Reps. Josh Gottheimer, Sara Jacobs, Van Taylor, and Susie Lee in front of Exxon Mobil, Amazon, Apple, and Microsoft lgoos.
US House of Representatives; Skye Gould/Insider
  • More than 220 members of Congress held individual stocks in 2020.
  • We analyzed hundreds of congressional financial disclosures to find the most popular investments.
  • Apple was the most popular, with Microsoft, Disney, Alphabet, and Amazon close behind.

More than 40% of members in Congress, or more than 220 representatives and senators, own individual stocks, collectively holding at least $225 million in stock assets, Insider has found.

Those in Congress are prohibited from using insider information to profit from the stock market. But it is legal for them to buy and sell individual stocks — a policy that can result in potential conflicts of interest in legislators' financial dealings.

Tech stocks were the most popular

Those in Congress favor tech stocks, Insider's analysis showed. Apple, the top stock and one of the hottest investments in recent years, was held by 72 members, or more than 13% of Congress.

Microsoft, the second-most-popular stock, was held by 64 members, followed by Disney and Alphabet, tied with 45 owners. Close behind was Amazon, owned by 44 members.

Together, the five companies spent $48 million on lobbying in 2020, according to OpenSecrets. PACs linked to the five companies along with the companies' employees made an estimated $89.9 million in federal political contributions during the 2020 election cycle, which includes the calendar year 2019.

 

Leading investments include big lobbying forces, from pharma to oil to defense

Pharmaceutical and biotechnology giants are also popular investments for elected officials.

Johnson & Johnson and Pfizer, the makers of COVID-19 vaccines, were the most-held pharmaceutical stocks in Congress in 2020, owned by 44 and 37 members, respectively.

Congress' stock trades in particular are worthy of scrutiny. Despite a law requiring members to quickly and publicly disclose when they buy and sell stocks and corporate bonds, Insider found that many have failed to comply, often disclosing trades late, if at all.

Lawmakers' personal financial interests sometimes intersect with their public duties.

Reps. Robert Wittman, a Republican from Virginia, and Steve Cohen, a Democrat from Tennessee, owned Exxon Mobil stock.
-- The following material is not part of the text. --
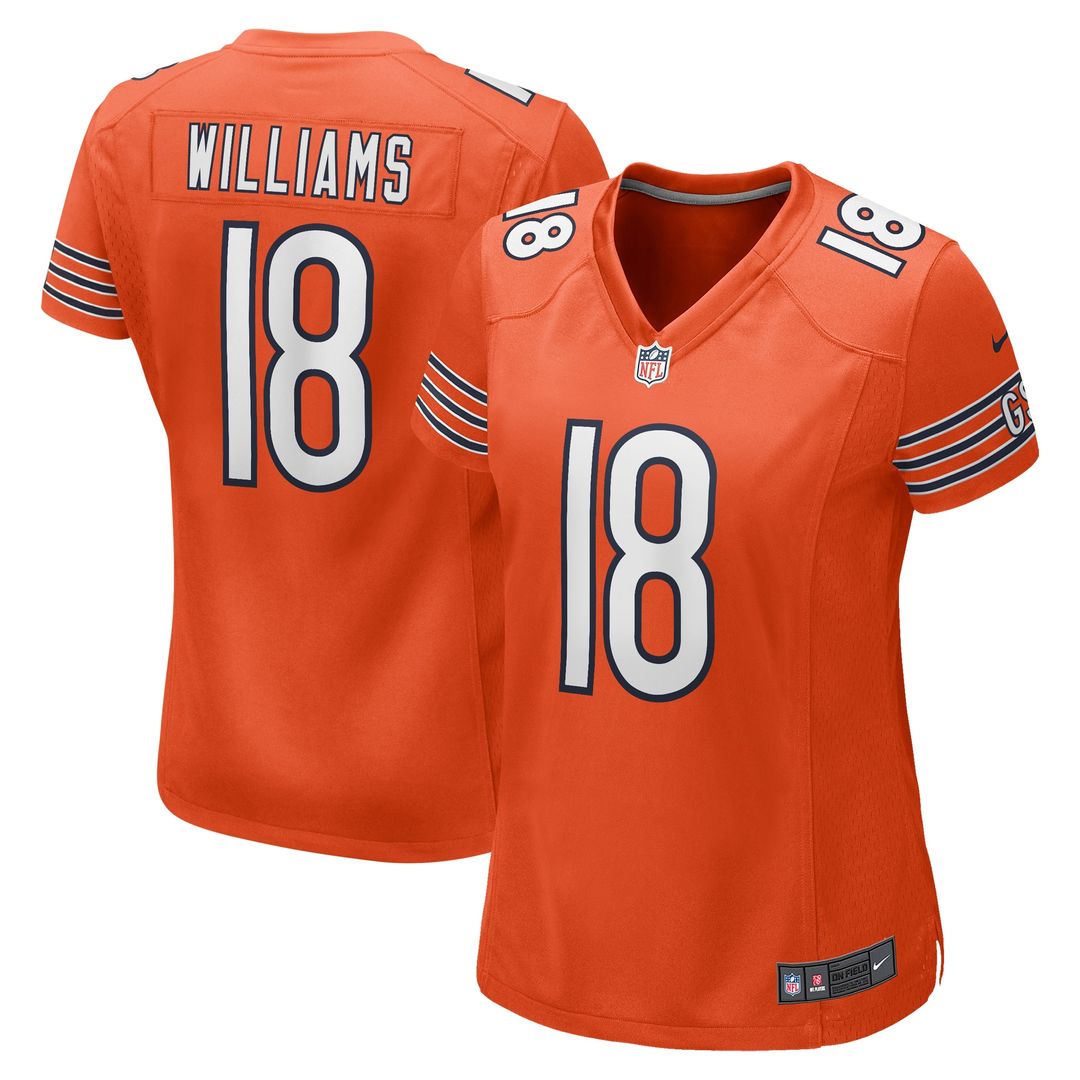 Caleb Williams Chicago Bears Nike Women's Alternate Game Jersey - Orange Official NFL Team Apparel Football Fan Gear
Both lawmakers sit on the House Committee on Natural Resources, which is responsible for overseeing various elements of the fossil-fuels industry. Overall, 36 members of Congress owned Exxon Mobil stock in 2020, making it the 12th-most-owned stock in Congress.

Insider also discovered that some members of Congress held stocks that their committees have direct influence over, such as 15 members sitting on the House and Senate Armed Services committees who are simultaneously invested in defense contractors.

Shares of Alibaba, a multinational Chinese tech firm with ties to the country's ruling Communist Party, were owned by 20 members of Congress, including Republican Sens. Tommy Tuberville of Alabama and Roger Marshall of Kansas, two outspoken critics of China's government. Both senators this year violated the federal Stop Trading on Congressional Knowledge Act of 2012 by not properly disclosing some of their stock trades.

 

How we analyzed Congress' financial disclosures 

Insider this autumn collected and analyzed financial disclosures filed by each member of Congress, making them searchable and sortable whereas they previously were not. Covering 2020 — a year in which the world's richest people witnessed their fortunes grow substantially — the reports provide the most recent comprehensive overview of each member's financial assets.

They revealed at least $2.6 billion in wealth held by federal legislators.

Senate and House members file their disclosures in different formats. Insider used natural-language-processing software — including an algorithm that analyzes text — to help determine the most commonly traded stocks in the House.

Insider's analysis did not include four members of Congress whose disclosures were uniquely complicated, incomplete, illegible, or long, comprising hundreds of pages of handwritten or scanned documents. Those members are Democratic Reps. Ro Khanna of California, Vicente Gonzalez of Texas, and Kurt Schrader of Oregon, and Republican Rep. Harold Rogers of Kentucky. A cursory review of their filings showed that Khanna, Schrader, and Rogers held extensive stock portfolios, and that they or immediate family members frequently traded individual stocks in 2020.